岐路に立つ名門「ダイナース」が挑む"厳しすぎるクレジットカード戦争"、攻めるメガ2社と富裕層強化の独立系を相手に勝ち筋はあるか
こうした収益基盤の低下を覚悟の上で、前述の三井住友カードや三菱UFJニコスが高還元を武器に顧客基盤を拡大しているのは、ひとえに銀行本体での「回収」があるからこそ。逆にいえば、そうした他事業での「回収」が不可能な独立系カード事業者たちが、ポイント還元という「大衆向け」から独自の優待を中心とした「富裕層向け」へこぞって舵を切っているというわけだ。
クレディセゾンは、2018年度に8%だったプレミアム・法人会員比率を、2026年度には35%にまで引き上げる計画を掲げる。JCBも、プレミアム会員向けにレストラン貸し切りイベントや会員制ゴルフ場でのコンペなど、差別化サービスの拡充に注力する。
富裕層向けで最大手のアメリカン・エクスプレスも、若い富裕層向けに新カード「アメリカン・エクスプレス ゴールド・プリファード・カード」の発行を開始するなど、富裕層の獲得合戦が起きている状況だ。
相次ぐ減損、伸び悩む利益
競争が激しくなる中、カード業界内での「ダイナースクラブ」の存在感は希薄だ。
三井住友トラストクラブは、2018年度にはシステムコストが想定を超えたことにより利益が低迷し、約120億円ののれん減損を実施。
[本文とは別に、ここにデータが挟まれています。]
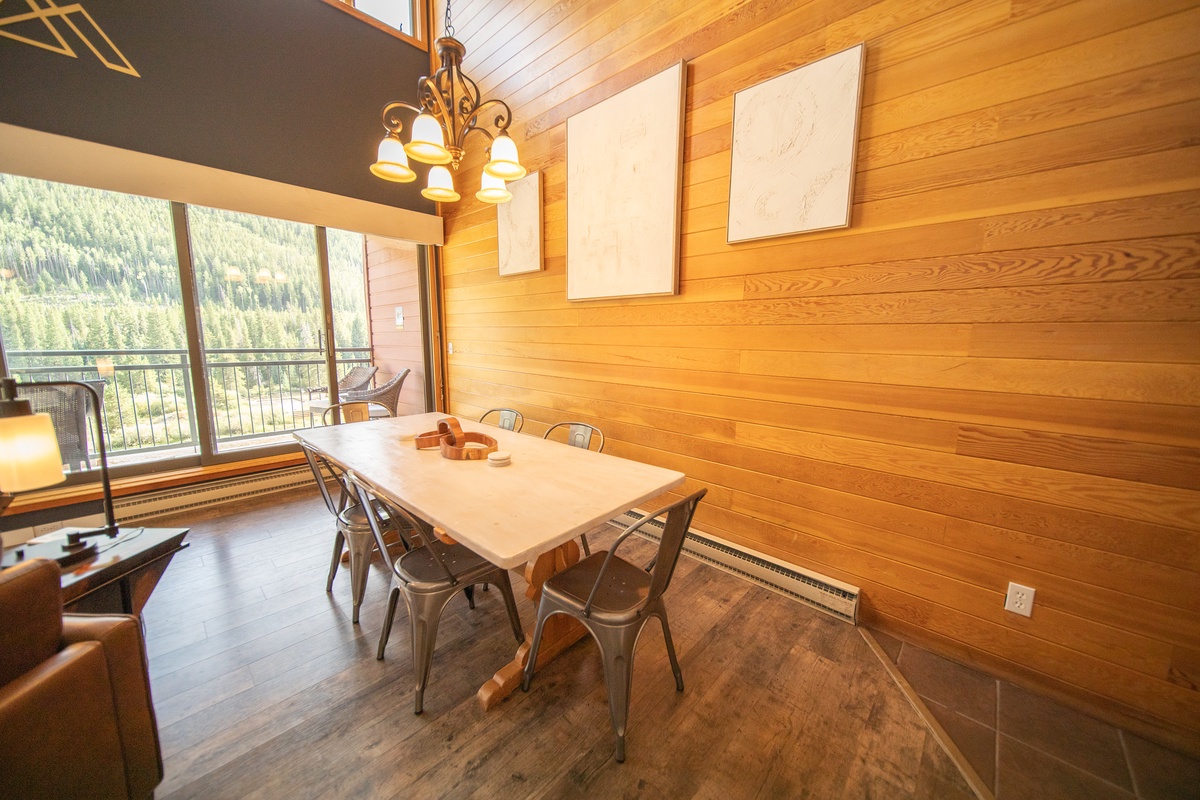 Great place for a memorable vacation meal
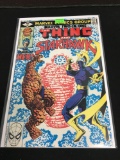 Marvel Two-In-One #61 Comic Book from Amazing Collection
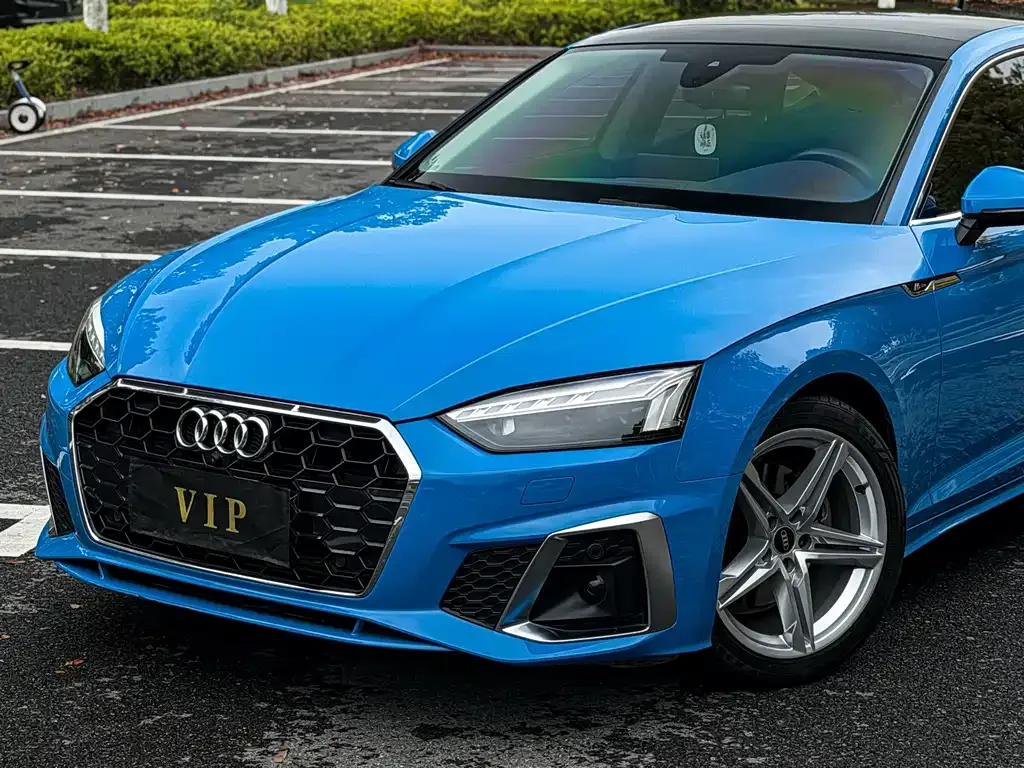 Audi A5 (Import) — фото 9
さらに、2019年度には新型コロナ禍に伴う高額消費の低迷も想定し、のれん64億円、固定資産86億円などで計180億円を減損処理した。
当時、今後の戦略として「高所得者層に向けたプレミアムサービスの強化による会員拡大」を目指すとしたが、現在でも純利益は伸び悩んでおり、400億円強もの買収費用を投じたリターンは得られていないのが実情だ。

競合するカード会社の社員は「信託銀行への送客は行っているのだろうが、『ダイナースカード』としてどのように強化していくのかが見えてこない」と指摘する。資産運用など信託銀行の強みを生かすためにも、カード事業単体で会員基盤の拡大を実現する強みを作り上げることが必要不可欠だ。
合併後の新体制において、日本におけるダイナースブランドの価値を再構築し、この先も“特別な一枚”であり続けられるのか。ダイナースはその岐路に立っている。